Richard Thompson's 'House of Cards', referencing as it does Dylan with it's "shake your windows and rattle your doors" line, has something of the feel of a revitalised and electrified ‘60's protest folk anthem and as far as it goes is an enjoyable song. But it's context free - who or what is Plant using it to rail against? The following song, the brief country blues of 'Central-Two-o-Nine', passes like a train in the night and leaves only a fleeting stomping impression.
'Silver Rider' opens with raw guitar, reminiscent of Neil Young's favourite changes, and has a feel of being close kin to Gene Clark's 'Silver Raven'. There's a sense of dread and the imminent intrusion of death, like a modern 'She Moves Through the Fair' perhaps with the presence of a ghostly female protagonist. Breathless and mysterious and with the accompanying
electric guitar you long for.
Things get a little shaky towards the middle of the album. 'You Can't Buy My Love' starts off as a straight rock 'n' roll song but by the time the chorus
arrives it has drifted into the Merseybeat sound you may have half anticipated from the title. It's an early 60's track given a 21st century makeover. I'm not sure it works. The follow on 'Falling in Love Again' opens up sounding like an out take from Lennon's “Rock 'n' Roll” album, and doesn't get any better when the fifties gospelish backing vocals kick-in. It's a skip over track.
Things start moving in the right direction again with 'The Only Sound that Matters' and 'Monkey'. The first is a straight country reading which floats along on pedal steel and gentle brushed drumming with Plant’s vocal exuding a gorgeous honeyed tone. 'Monkey' creates a discordant atmosphere of sullen dread as if the path you’re destined to take is the very dark alley you shouldn‘t travel down, as Plant duets with Patty Griffin over another a knife edge electric guitar backing.
This leads into a downbeat reading of 'Cindy I'll Marry You Some Day'. To hear such a typically rollicking tune converted to a banjo driving near dirge is, of
course, disorientating initially but it works well.

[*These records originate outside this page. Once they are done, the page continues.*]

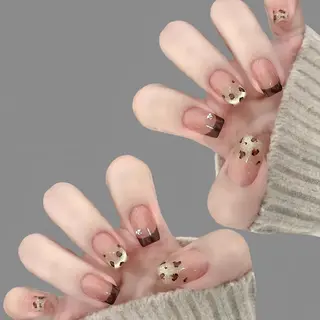 ネイル スカルプ専門店 Ｄ-Beautyのネイルデザイン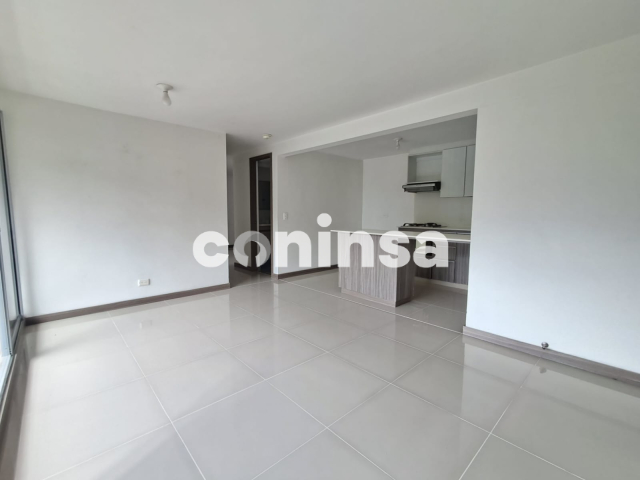 Imagen de Apartamento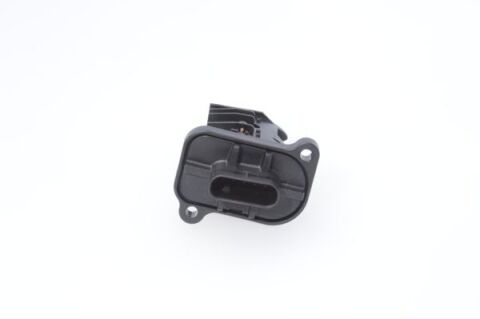 BMW 4 F33 420d 2.0 2014-2015 Bosch Hava Akış Metre NETPAR6092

Townes' 'Harm's Swift Way' bounces along like an mid-seventies Dylan track. And if searching for hidden meanings then it's a selection - with the oft repeated refrain of "Oh me. Oh my. Who's going to mark my time?" - that could be regarded as a deliberate questioning of all that Plant has done to date, and perhaps serves to underline that his greatest solo success has come with this new Americana direction - since, like 'Raising Sand', 'Band of Joy' is surely bound to sell by the million.
On 'Satan Your Kingdom Must Come Down', over a very basic banjo part, Plant evokes a kneeling repentant sinner's plea. There is a cinematic quality to the song as it steadily builds and further instruments are added to the mix. It passes slowly through the same scenery as Dylan's 'Cold Irons Bound' to finish by becoming a strident foot stomper, with our sinner now standing and shaking a fist at the face of the great deceiver.
'Even This Shall Pass Away' completes 'Band of Joy’s circular trajectory by marking a slight return to the music of the album's opener. This time there is a sound not a little like a funked up late Zeppelin tune. It's a meditation on the slightness of riches, fame and glory. It’s tempting to read a message into lines like “pleasures come but not to stay, even this shall pass away”. Is this a rejection of old music, or, an even more Machiavellian statement, that this is the end of the roots path? Well, we'll have to await the next album for the answer to that.
There has been plenty of press release talk of this being Plant's "most eclectic album" - surely whoever wrote that hasn't heard 'Dreamland' or 'Mighty Rearranger'. What it is, though, is a solid album of Americana, with some outstanding tracks - I'm thinking particularly of 'Little Angel Dance' and 'Silver Rider' - and only a couple of false steps. It's a safe recommendation.